Information provided:
%%
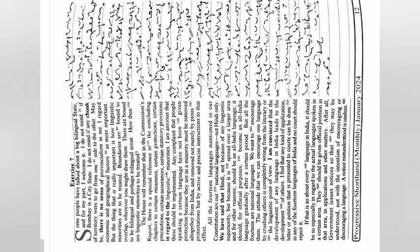If that is so about every language in India, it should be so especially in regard to the actual languages spoken in a certain area. They should be given official position in that area.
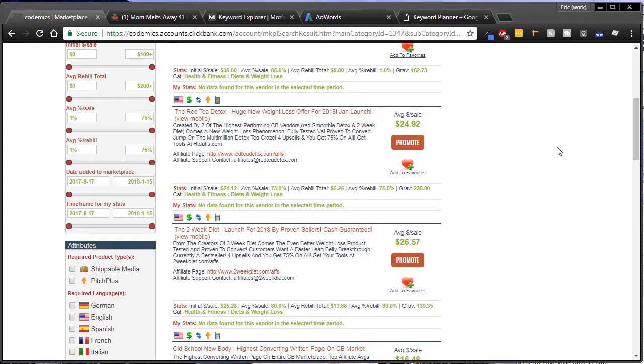Hey guys, this is Eric. In this video I want to walk through how to do keyword research, or at least how I do keyword research, how to find low CPCs to start promoting your products.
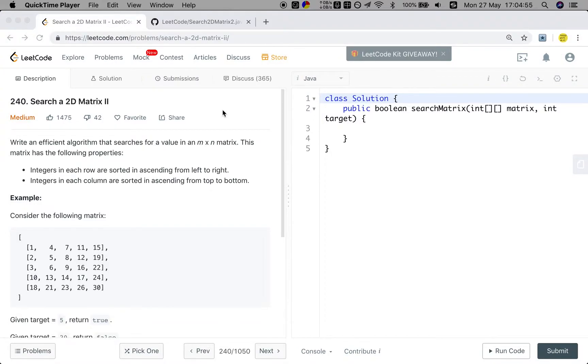Hello friends, now let's solve the Search a 2D Matrix II problem. Let's see the statement.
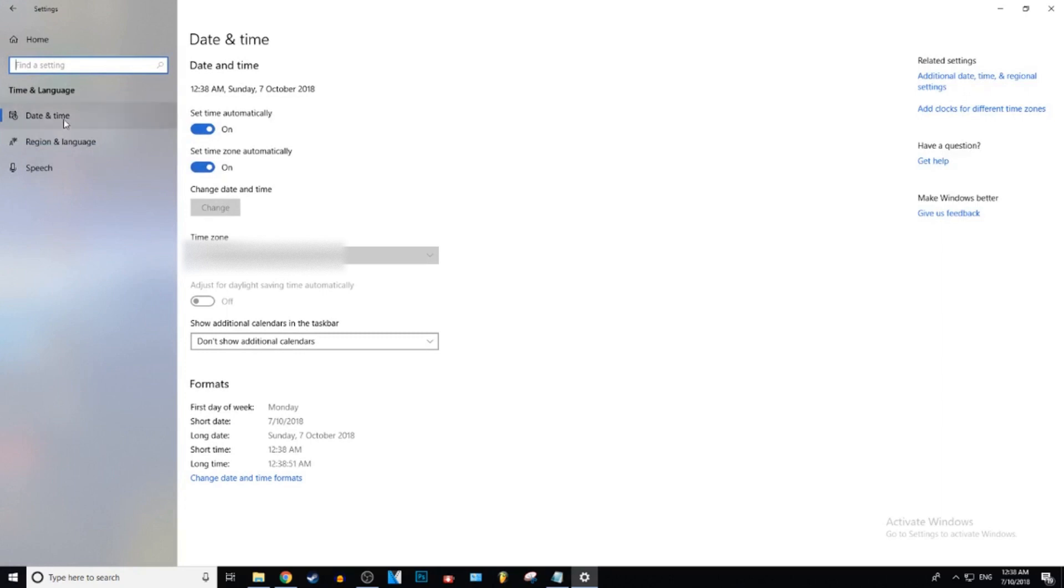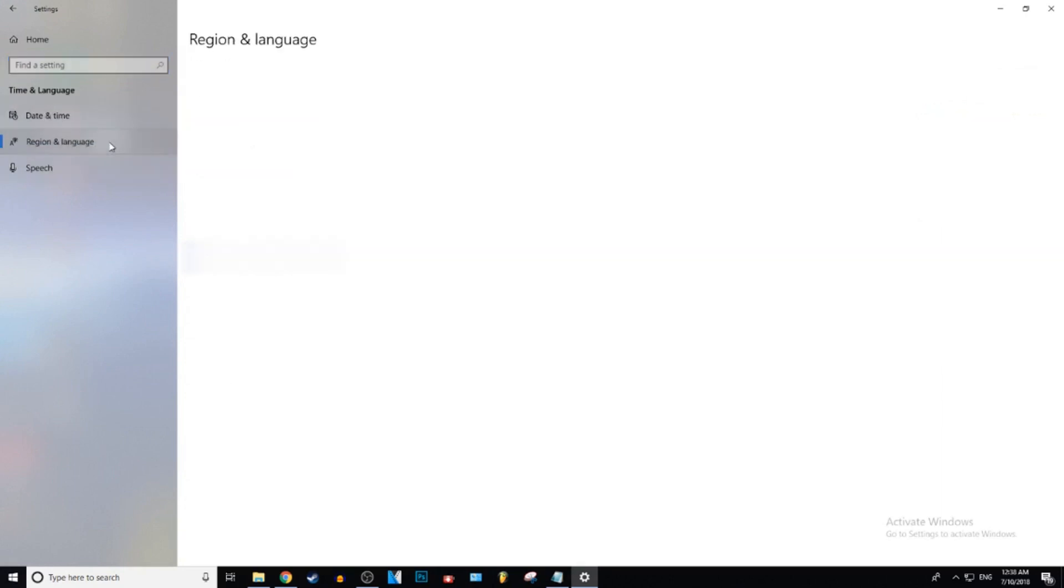Double click on that. And then right here it says region, language, date and time, speech. You want to click on the region and language.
%%
To do: Copy out every line above, word for word, minus images.

Written reply:
If that is so about every language in India, it should be so especially in regard to the actual languages spoken in a certain area. They should be given official position in that area.
Hey guys, this is Eric. In this video I want to walk through how to do keyword research, or at least how I do keyword research, how to find low CPCs to start promoting your products.
Hello friends, now let's solve the Search a 2D Matrix II problem. Let's see the statement.
Double click on that. And then right here it says region, language, date and time, speech. You want to click on the region and language.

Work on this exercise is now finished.